**Assignment**
From the records below, print only the part that opens with the line containing "Mountain Khakis Men's" and closes with the line containing "Unused Sprites - Suikoden"; omit the pictures.

**Given information**
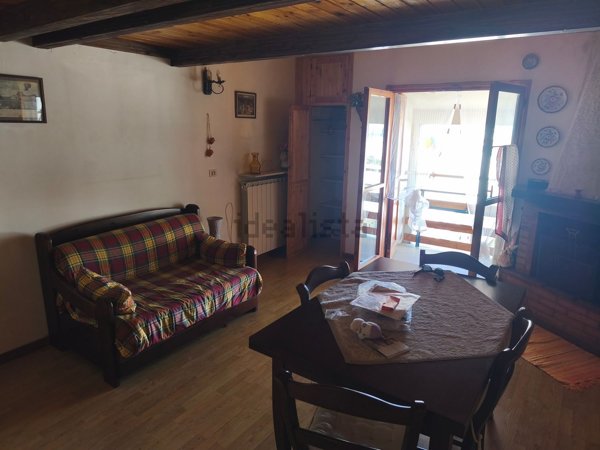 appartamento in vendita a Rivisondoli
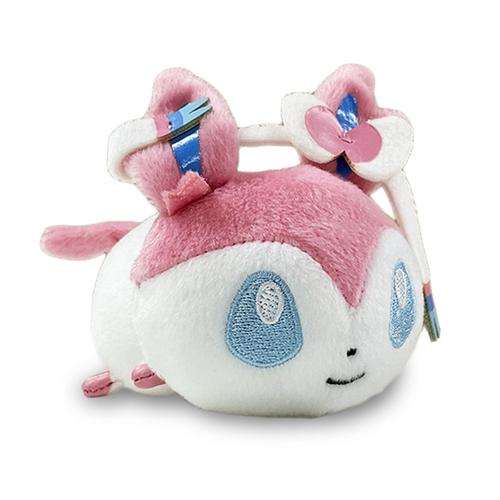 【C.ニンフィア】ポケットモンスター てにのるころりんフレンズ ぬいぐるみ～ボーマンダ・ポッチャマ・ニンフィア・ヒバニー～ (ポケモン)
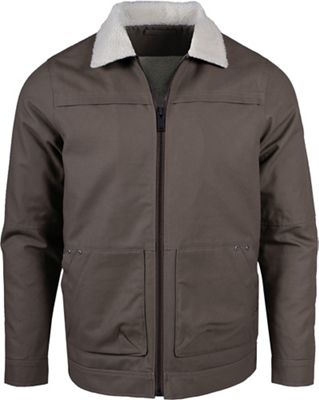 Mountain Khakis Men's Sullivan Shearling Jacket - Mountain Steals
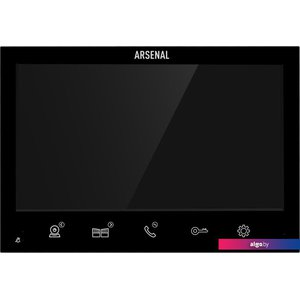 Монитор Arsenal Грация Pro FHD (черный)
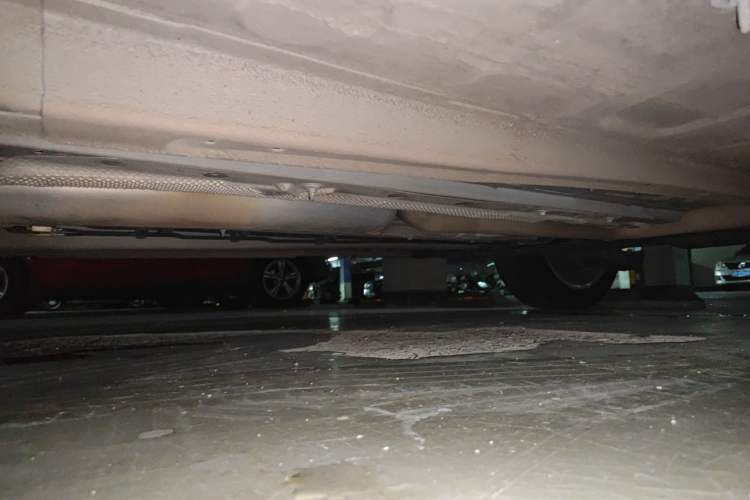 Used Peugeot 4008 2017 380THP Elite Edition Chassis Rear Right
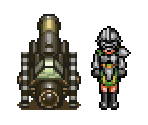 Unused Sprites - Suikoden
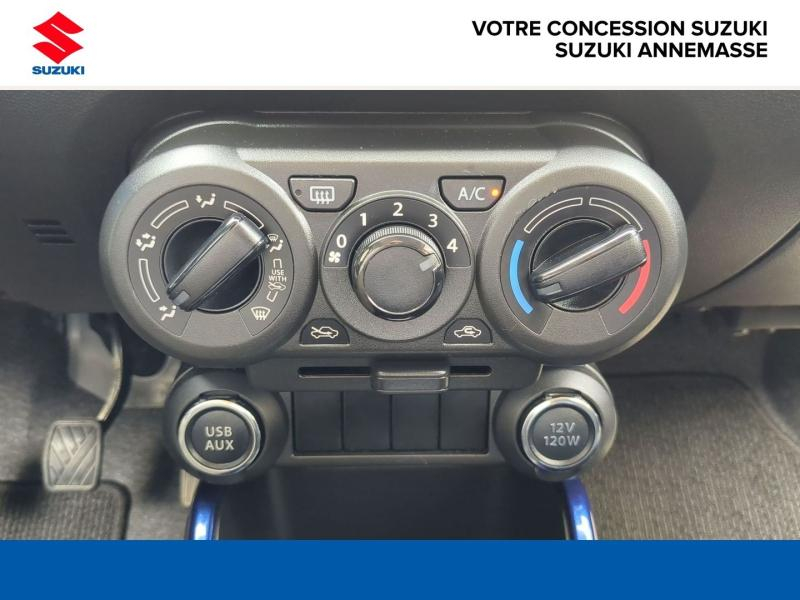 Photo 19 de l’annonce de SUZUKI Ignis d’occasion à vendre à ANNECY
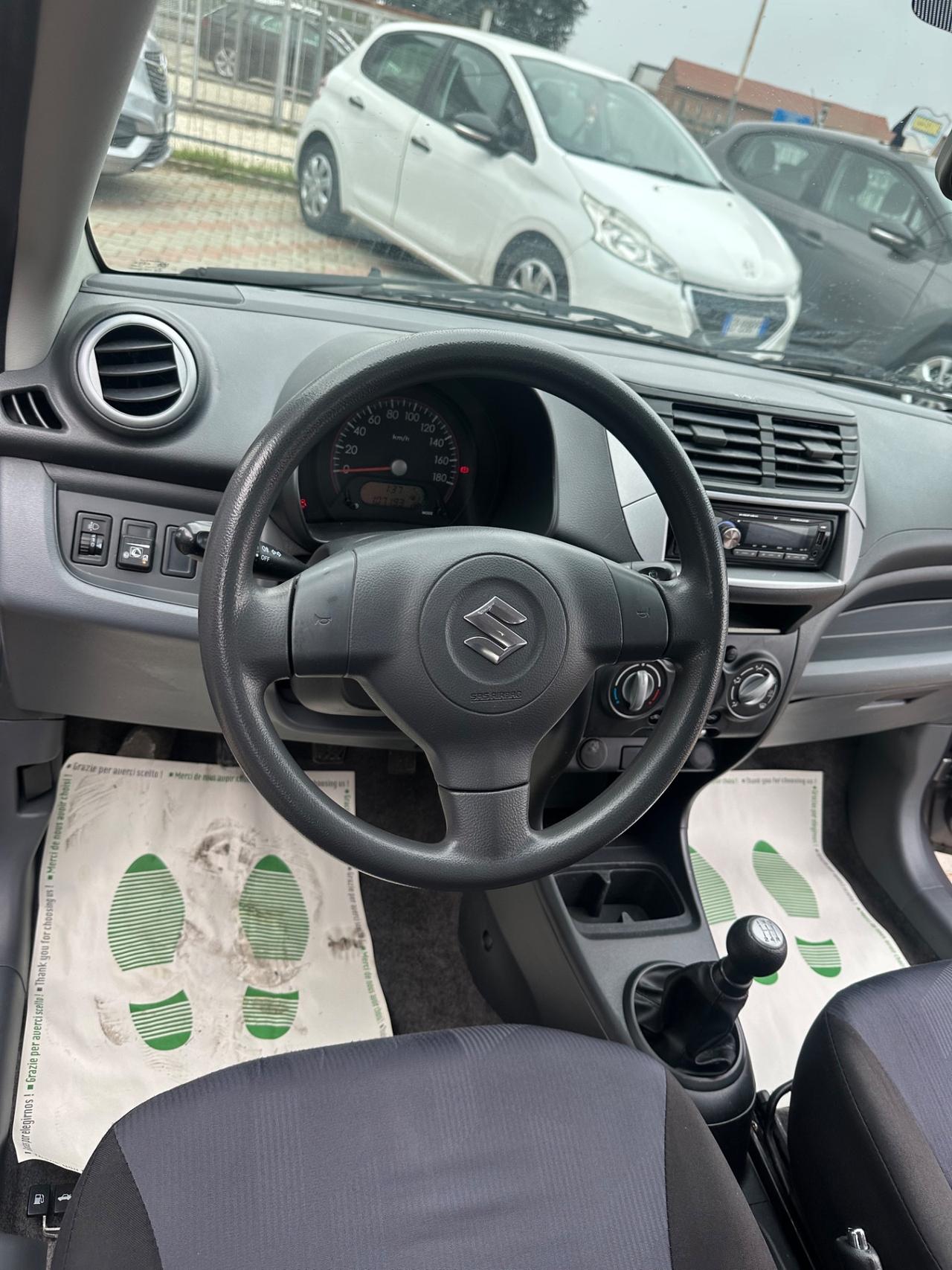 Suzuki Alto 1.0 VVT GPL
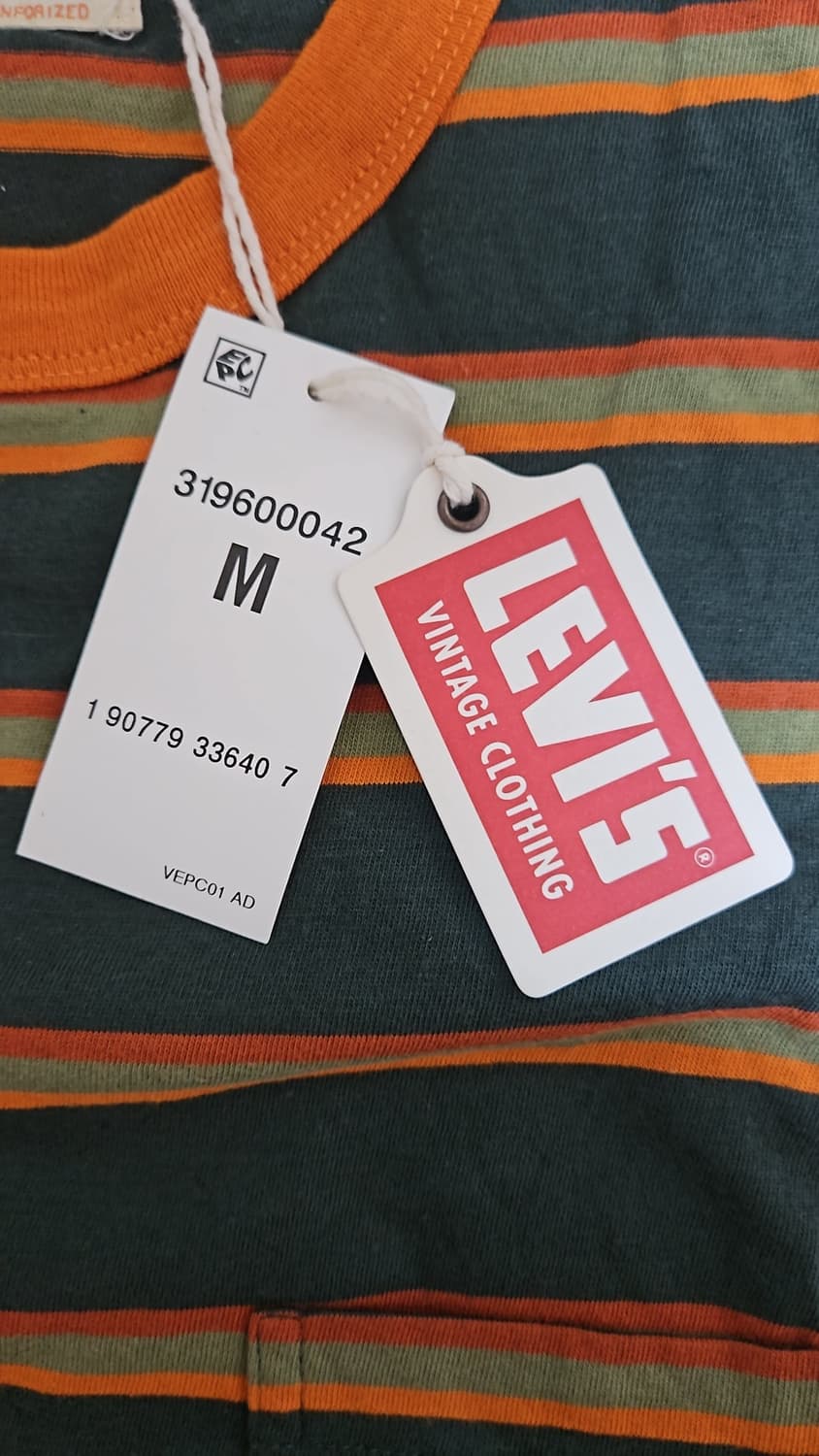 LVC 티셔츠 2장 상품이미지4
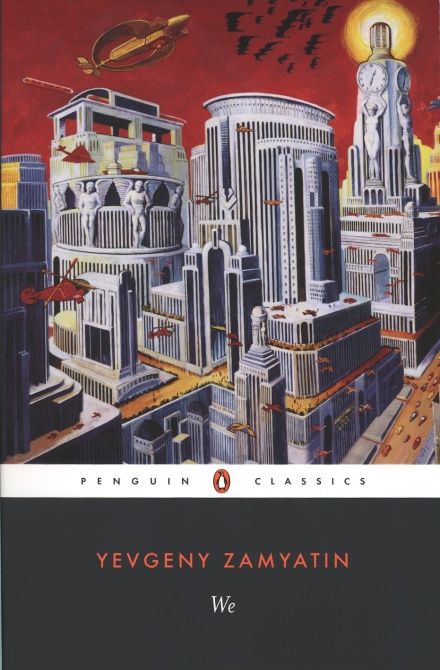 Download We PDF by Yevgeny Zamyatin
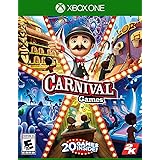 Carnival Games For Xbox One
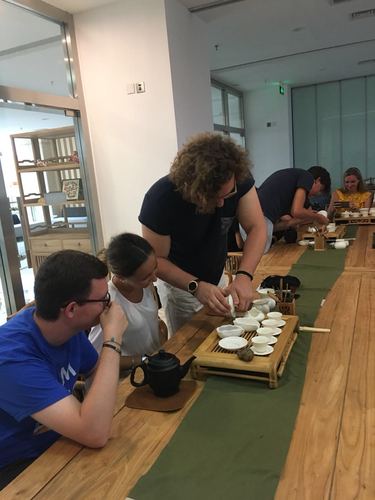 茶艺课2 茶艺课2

**Expected answer**
 Mountain Khakis Men's Sullivan Shearling Jacket - Mountain Steals
 Монитор Arsenal Грация Pro FHD (черный)
 Used Peugeot 4008 2017 380THP Elite Edition Chassis Rear Right
 Unused Sprites - Suikoden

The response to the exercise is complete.